Firefighters are seen during a rescue mission after a giant landslide at Caxumbu neighborhood in Petropolis, Brazil, on February 19, 2022. AFP
Rescue workers and residents searching for their missing relatives continued digging through mountains of mud and rubble in the southeastern city, which President Jair Bolsonaro said Friday looked like "scenes of war."
Police said 165 people remain missing after Tuesday's storm.

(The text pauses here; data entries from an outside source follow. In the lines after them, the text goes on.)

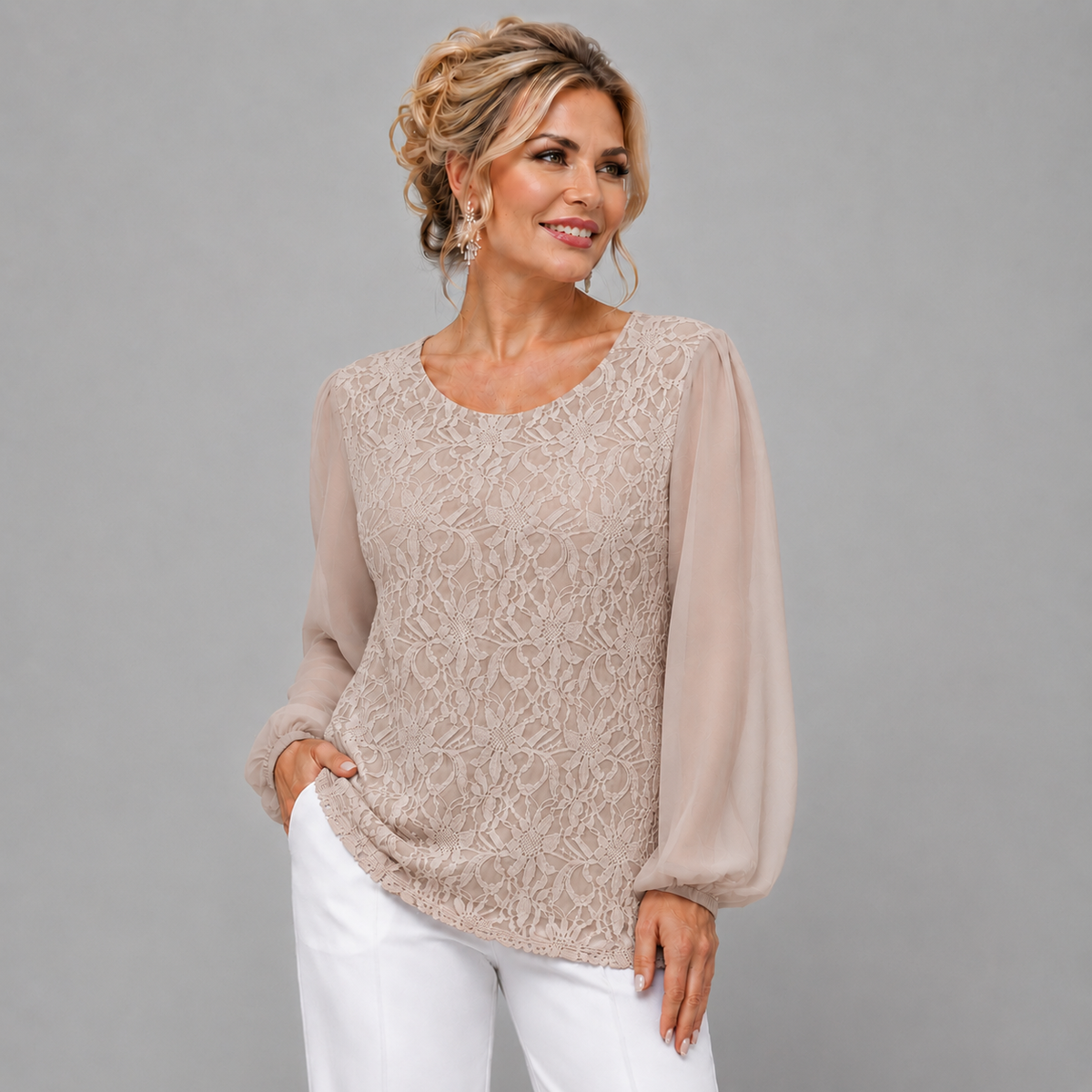 Lace Blouse with Long Chiffon Sleeves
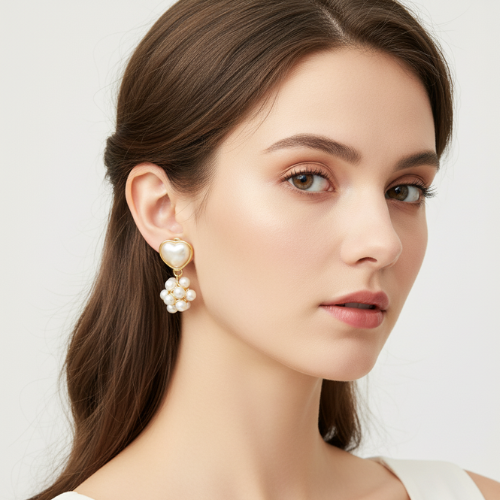 Heart Shaped Pearl Cluster Earrings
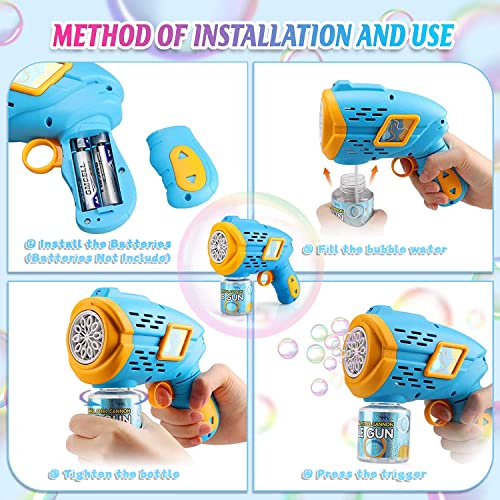 2 Pcs Bubble Machine Gun, Bubble Maker For Kids, Automatic Bubble Blower With 360° Leak-Proof Design, Rich Bubbles, Ergonomic Grip, Fantastic Led Light, Great Summer & Birthday Gift For Kids #TOP5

It is unlikely any more will be found alive beneath the wreckage, authorities say.
It is unclear how high the steadily rising death toll will go.
The number of missing has fallen as more bodies are identified, and as families manage to find relatives alive and well whom they feared lost in the chaos after the storm, police said.
So far, 124 bodies have been identified, including 28 children, they said.
Pope Francis sent his latest message of condolences Sunday following his Angelus prayer at Saint Peter's Square in the Vatican.
"I express my closeness to those people hit in previous days by natural calamities," he said, mentioning "devastated" Petropolis as well as Madagascar, hit recently by deadly cyclones.
"Lord, welcome the dead in peace, comfort the family members, and support those who offer aid," he said.
Tuesday's was the latest in a series of deadly storms to hit Brazil, which experts say are made worse by climate change.
In the past three months, more than 200 people have died in severe rainstorms, mainly in the southeastern state of Sao Paulo and the northeastern state of Bahia, as well as Petropolis.
The latest storm turned streets in Petropolis into violent rivers that swept away trees, cars, and buses, and triggered deadly landslides in poor hillside neighborhoods that ring the city of 300,000 people.
Petropolis sits about 60 kilometers (37 miles) north of Rio de Janeiro.
The city has so far recovered more than 300 cars washed away in the floods that were "strewn around the city, blocking streets and sidewalks or dumped in rivers," the mayor's office said.
The storm dumped a month's worth of rain in several hours on Petropolis, a picturesque tourist town that was the 19th-century summer capital of the Brazilian empire.